- Coat of arms
- Location of Scheidt within Rhein-Lahn-Kreis district
- Location of Scheidt
- Scheidt Scheidt
- Coordinates: 50°20′19″N 7°54′51″E﻿ / ﻿50.33861°N 7.91417°E
- Country: Germany
- State: Rhineland-Palatinate
- District: Rhein-Lahn-Kreis
- Municipal assoc.: Diez

Government
- • Mayor (2019–24): Hans-Wilhelm Lippert

Area
- • Total: 2.51 km^{2} (0.97 sq mi)
- Elevation: 245 m (804 ft)

Population (2023-12-31)
- • Total: 345
- • Density: 137/km^{2} (356/sq mi)
- Time zone: UTC+01:00 (CET)
- • Summer (DST): UTC+02:00 (CEST)
- Postal codes: 56379
- Dialling codes: 06439
- Vehicle registration: EMS, DIZ, GOH

= Scheidt, Rhineland-Palatinate =

Scheidt (/de/) is a municipality in the municipal association of Diez in the district of Rhein-Lahn, in Rhineland-Palatinate, in western Germany.

==History==
Although the first written mention of the noble family name "von Scheyde", from Scheyde, goes back to the year 1348, the first mention of the town itself does not appear until 1364. However, it is believed that there were settlements here during the construction of Laurenburg Castle in the 11th century.
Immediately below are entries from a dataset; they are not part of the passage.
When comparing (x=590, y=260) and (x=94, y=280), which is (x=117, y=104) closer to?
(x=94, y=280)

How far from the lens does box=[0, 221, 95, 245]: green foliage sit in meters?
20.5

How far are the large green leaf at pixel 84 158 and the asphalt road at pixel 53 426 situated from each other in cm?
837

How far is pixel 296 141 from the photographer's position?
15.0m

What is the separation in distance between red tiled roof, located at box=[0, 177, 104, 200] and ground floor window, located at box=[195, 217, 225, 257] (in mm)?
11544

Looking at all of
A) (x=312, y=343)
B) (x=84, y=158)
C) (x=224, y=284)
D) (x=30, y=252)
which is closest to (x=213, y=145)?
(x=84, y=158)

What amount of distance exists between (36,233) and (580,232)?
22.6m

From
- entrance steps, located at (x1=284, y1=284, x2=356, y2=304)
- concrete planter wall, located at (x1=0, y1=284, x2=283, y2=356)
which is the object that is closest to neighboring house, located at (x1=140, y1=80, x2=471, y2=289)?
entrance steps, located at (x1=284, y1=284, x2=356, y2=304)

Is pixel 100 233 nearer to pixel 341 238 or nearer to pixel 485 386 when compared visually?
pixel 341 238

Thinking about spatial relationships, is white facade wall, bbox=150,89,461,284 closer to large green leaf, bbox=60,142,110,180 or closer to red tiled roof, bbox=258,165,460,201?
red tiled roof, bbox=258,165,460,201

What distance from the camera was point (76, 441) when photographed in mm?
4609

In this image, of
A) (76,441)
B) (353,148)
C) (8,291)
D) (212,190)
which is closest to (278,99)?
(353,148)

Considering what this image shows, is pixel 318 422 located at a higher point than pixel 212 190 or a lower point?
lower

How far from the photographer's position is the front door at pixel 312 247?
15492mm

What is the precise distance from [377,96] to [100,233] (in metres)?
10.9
In the mid-17th century it became part of the County of Holzappel. In 1806, Scheidt became part of the Duchy of Nassau in Diez Office, which was annexed by Prussia in 1866. Since 1946 it has been part of Rhineland-Palatinate.

==Religious life==
Scheidt is part of the Roman Catholic parish of St. Boniface in Holzappel. The parish belongs to the Diez Pastoral Area of the Limburg district in the Diocese of Limburg.

The Protestant community is part of Holzappel parish, which belongs to the Diez Deanery of the South Nassau Provostship of the Evangelical Church in Hesse and Nassau (EKHN).